Sir Keir adopted his parents’ politics and joined the Labour Party as a teenager.
After leaving Reigate Grammar School – where contemporaries included Norman Cook (aka Fatboy Slim) and Andrew Cooper, who later became a Tory peer and director of strategy to Lord David Cameron – he studied law at Leeds University.
He was the first member of his family to go to university, and also gained a postgraduate degree at Oxford.
Legal career
The Labour leader has spoken about how he realised that law and justice was a place to effect social change.
After leaving university, Sir Keir emerged as an ideological lawyer on the left.
He helped set up and edit Socialist Alternatives, a radical left-wing journal that has been described as Trotskyite – and which he jokingly has said “only sold about five copies”.
In 1987, he began working as a barrister specialising in human rights, before going on to be head of the Crown Prosecution Service and director of public prosecutions (DPP) from 2008 to 2013.
During his high-profile career, he undertook work including the high-profile McLibel case.

Sir Keir provided free legal advice to Helen Steel and David Morris, whom McDonald’s sued for libel after they produced a pamphlet that was critical of the company.
Sir Keir also worked with the National Union of Mineworkers to prevent the Conservatives’ pit closures and offered free legal advice to protestors demonstrating against Margaret Thatcher’s poll tax.
One of the more quirky features of the Labour leader’s backstory is the rumour – since denied by author Helen Fielding – that he was the inspiration for the character of Mark Darcy in the Bridget Jones books.
While working as a lawyer, he met his wife, Victoria, who works for the NHS and whom he married in 2007.

Together they have two children, who attend Arsenal games with him, where he is a season ticket holder.

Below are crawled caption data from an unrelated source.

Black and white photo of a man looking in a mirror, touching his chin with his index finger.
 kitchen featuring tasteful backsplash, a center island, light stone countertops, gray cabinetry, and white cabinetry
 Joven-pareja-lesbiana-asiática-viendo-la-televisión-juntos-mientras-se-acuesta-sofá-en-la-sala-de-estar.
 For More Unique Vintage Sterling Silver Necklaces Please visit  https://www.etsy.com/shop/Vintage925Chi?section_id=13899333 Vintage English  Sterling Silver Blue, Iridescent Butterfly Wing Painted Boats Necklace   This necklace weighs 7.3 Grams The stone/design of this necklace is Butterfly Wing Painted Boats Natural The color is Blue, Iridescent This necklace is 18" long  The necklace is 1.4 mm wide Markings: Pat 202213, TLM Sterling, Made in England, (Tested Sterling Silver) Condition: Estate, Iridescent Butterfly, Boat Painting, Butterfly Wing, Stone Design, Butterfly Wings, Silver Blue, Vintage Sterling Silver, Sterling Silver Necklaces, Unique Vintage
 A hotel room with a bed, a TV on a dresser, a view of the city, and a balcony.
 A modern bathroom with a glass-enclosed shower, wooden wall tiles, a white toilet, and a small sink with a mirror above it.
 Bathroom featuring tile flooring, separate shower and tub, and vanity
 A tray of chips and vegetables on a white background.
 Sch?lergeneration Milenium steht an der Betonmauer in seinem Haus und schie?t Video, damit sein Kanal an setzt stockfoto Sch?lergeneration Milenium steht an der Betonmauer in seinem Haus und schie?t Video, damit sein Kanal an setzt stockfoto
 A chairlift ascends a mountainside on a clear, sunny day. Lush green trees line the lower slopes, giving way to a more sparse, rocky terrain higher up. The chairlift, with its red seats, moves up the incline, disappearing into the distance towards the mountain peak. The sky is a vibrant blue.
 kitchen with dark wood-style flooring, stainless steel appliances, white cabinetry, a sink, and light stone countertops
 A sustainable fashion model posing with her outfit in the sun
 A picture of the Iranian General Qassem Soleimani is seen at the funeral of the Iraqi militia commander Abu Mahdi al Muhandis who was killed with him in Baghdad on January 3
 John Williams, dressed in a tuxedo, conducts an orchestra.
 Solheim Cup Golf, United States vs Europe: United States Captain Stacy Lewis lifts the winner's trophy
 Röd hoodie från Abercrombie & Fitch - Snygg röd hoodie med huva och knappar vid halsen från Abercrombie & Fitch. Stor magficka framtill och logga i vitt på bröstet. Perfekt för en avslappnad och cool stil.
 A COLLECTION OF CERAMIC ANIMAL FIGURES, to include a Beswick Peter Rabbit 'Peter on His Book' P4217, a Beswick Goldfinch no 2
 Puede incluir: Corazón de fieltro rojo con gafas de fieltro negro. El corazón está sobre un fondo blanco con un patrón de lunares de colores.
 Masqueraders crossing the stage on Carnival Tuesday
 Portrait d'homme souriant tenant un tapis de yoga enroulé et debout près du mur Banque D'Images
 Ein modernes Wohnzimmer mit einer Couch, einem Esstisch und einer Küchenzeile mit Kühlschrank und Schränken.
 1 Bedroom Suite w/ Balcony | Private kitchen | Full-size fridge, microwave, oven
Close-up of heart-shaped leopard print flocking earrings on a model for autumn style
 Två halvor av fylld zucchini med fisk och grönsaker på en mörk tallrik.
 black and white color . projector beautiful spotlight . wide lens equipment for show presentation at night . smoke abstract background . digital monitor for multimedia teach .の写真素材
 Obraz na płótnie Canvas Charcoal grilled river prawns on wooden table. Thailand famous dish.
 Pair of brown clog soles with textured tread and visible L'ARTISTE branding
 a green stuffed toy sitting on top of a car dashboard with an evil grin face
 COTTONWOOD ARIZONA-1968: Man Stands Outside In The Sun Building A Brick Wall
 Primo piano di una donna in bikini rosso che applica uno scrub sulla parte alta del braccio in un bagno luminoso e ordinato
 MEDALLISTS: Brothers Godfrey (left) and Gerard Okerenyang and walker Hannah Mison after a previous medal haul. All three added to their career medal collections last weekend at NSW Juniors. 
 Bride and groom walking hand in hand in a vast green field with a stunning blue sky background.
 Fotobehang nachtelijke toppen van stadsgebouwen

He regularly plays five-a-side.

‘Sometimes you have to be ruthless’
Much has been made about Sir Keir’s transition from a more socialist past to his current centrist position
He has come in for criticism for dropping a number of leadership campaign pledges – including promises to increase income tax, nationalise most public services and scrap tuition fees.

But Sir Keir has said the country now finds itself in a “different financial position” because of the COVID-19 pandemic.
Conservative opponents have also sought to use his time as a senior member of Mr Corbyn’s shadow cabinet to question his judgement.
Sir Keir was shadow Brexit secretary for four years and was said to be a key figure in the formulation of the party’s second referendum policy that was part of its 2019 manifesto.

While socialist policies ran through his campaign to be Labour leader, it is the quest to change the party that has defined his time at the helm.
“Sometimes you have to be ruthless to be a good leader,” he has said.
“I changed the Labour Party. If I’m privileged enough to be given the opportunity, I’ll change the country too.”